Сидя за столом, он диктовал оттуда унылым голосом фразы. Один из учеников записывал их на доске, а все остальные это списывали и заучивали наизусть. Поэтому ученики, как только распознавали в руках учителя эту желтую книжку в картонном переплете, то принимались хором зевать, глазеть в окна, нетерпеливо шептаться, тыкать друг друга в бока, ковырять перочинными ножами парты, чинить карандаши, делать чертенят из газетной бумаги, перебрасываться записочками или готовить уроки по математике, которая была у них в большом почете как самая точная наука. Оттого, может быть, Евстафий Евтихиевич и не выходил из состояния постоянной тревоги. А когда он услышал, что едет новый учитель, который, уж наверное, оттянет у него часть уроков, да еще, как все молодые, обязательно будет насаждать опять что-нибудь «самое актуальное», он вовсе не спал эту ночь, только под утро забылся, да и запоздал на уроки.
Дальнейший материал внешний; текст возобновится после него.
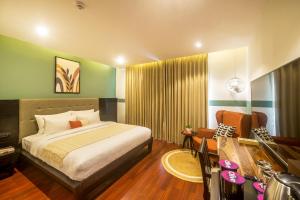 a hotel room with a bed and a television at Olive MG Road Dunsvirk Inn - by Embassy Group in Bangalore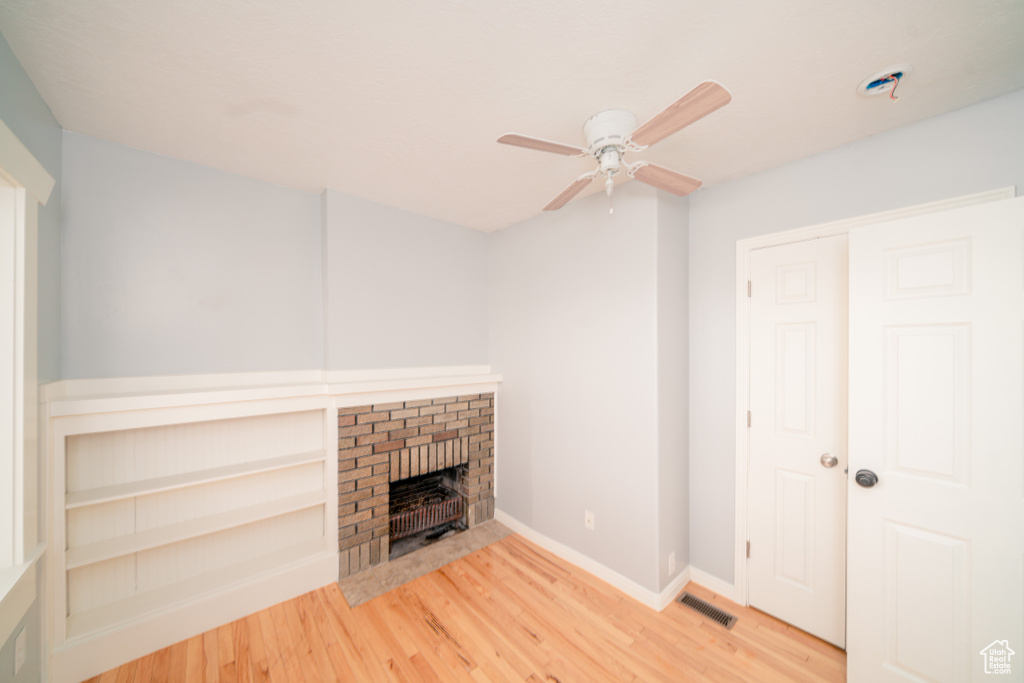 Unfurnished living room featuring ceiling fan, a brick fireplace, and light hardwood / wood-style flooring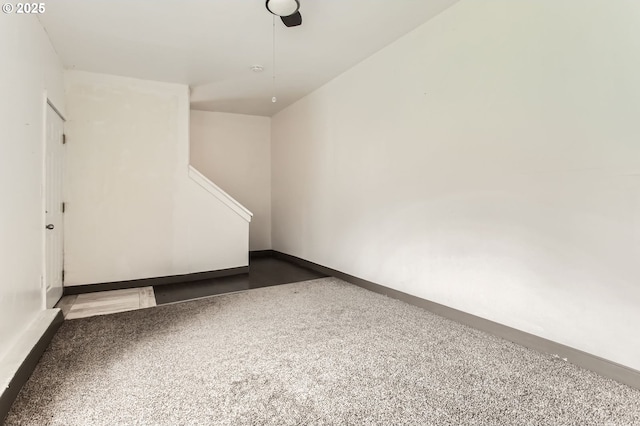 empty room featuring baseboards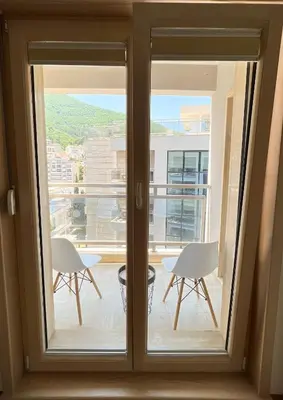 a view from a window of a balcony with chairs at Four Views By The Sea Apartments in Budva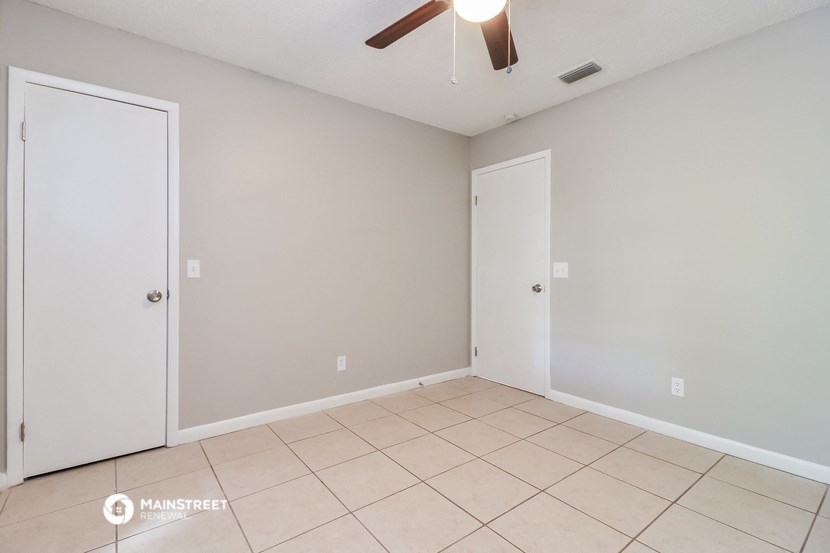 a empty living room with a ceiling fan and a tiled floor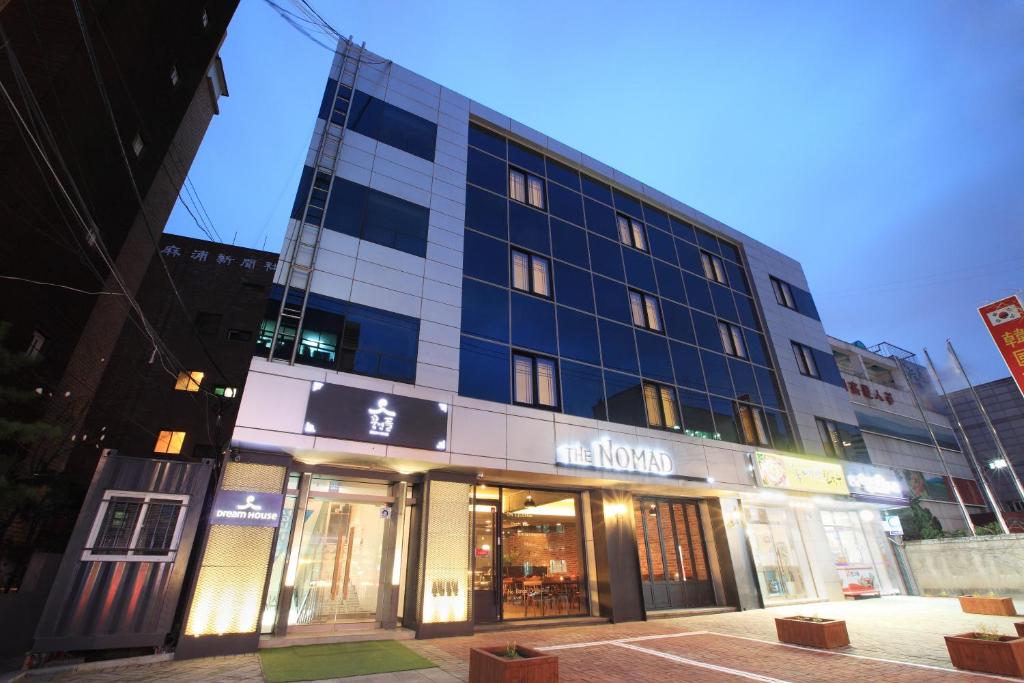 Exterior photo of a hotel lit up at night in Hongdae Seoul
Когда он вошел и сел за стол, его даже не заметили. Ученики в это время увлеченно говорили о предстоящих переменах в школе и уговаривались, как бы насолить старому учителю, он уйдет, и тогда дадут им молодого. На доске было написано: «Долой египетскую мумию! Да здравствует метод проектов!»

«Значит, новичок их уже взбудоражил», — подумал Евстафий Евтихиевич.

В углу завсегдатаи кино спорили о достоинствах «Баб рязанских» — картины, вчера только что просмотренной.

Когда учитель остановился подле парты Женьки, тот приколол к его пиджаку записку: «Шумим, братцы, шумим!» И те, к которым Евстафий Евтихиевич поворачивался этой запиской, в самом деле принимались шептаться, хихикать и шуметь.

Евстафий Евтихиевич тихо сказал:

— Тише, ребятки. Уймитесь, пора. Я пришел.

— Очень жаль, — отозвались на задней парте. — Можно бы и пропустить этот урок.

Ученики переходили с места на место, и спор все больше разгорался. Тогда Евстафий Евтихиевич развернул свой «Календарь» и назвал громко фамилию самой дисциплинированной ученицы — Нины Сердитых. Та вышла и взяла мел в руки. Ученики стали рассаживаться по партам нехотя и не ослабляя своих реплик.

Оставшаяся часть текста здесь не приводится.